* MATERIAL FOR THIS EXERCISE *
▼▼▼

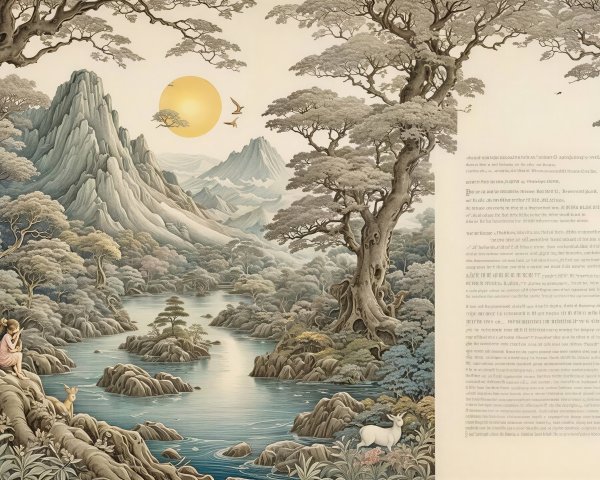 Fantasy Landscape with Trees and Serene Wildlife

▲▲▲
▼▼▼

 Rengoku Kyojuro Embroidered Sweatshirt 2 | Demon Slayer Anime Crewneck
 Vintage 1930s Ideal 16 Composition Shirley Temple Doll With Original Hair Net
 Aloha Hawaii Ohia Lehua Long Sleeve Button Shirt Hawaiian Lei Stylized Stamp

▲▲▲

* WHAT TO DO *
Only the lines above from the line with "Vintage 1930s Ideal" to the line with "Aloha Hawaii Ohia", those two lines included, should be reproduced exactly.

* OUTPUT FOR THIS EXERCISE *
 Vintage 1930s Ideal 16 Composition Shirley Temple Doll With Original Hair Net
 Aloha Hawaii Ohia Lehua Long Sleeve Button Shirt Hawaiian Lei Stylized Stamp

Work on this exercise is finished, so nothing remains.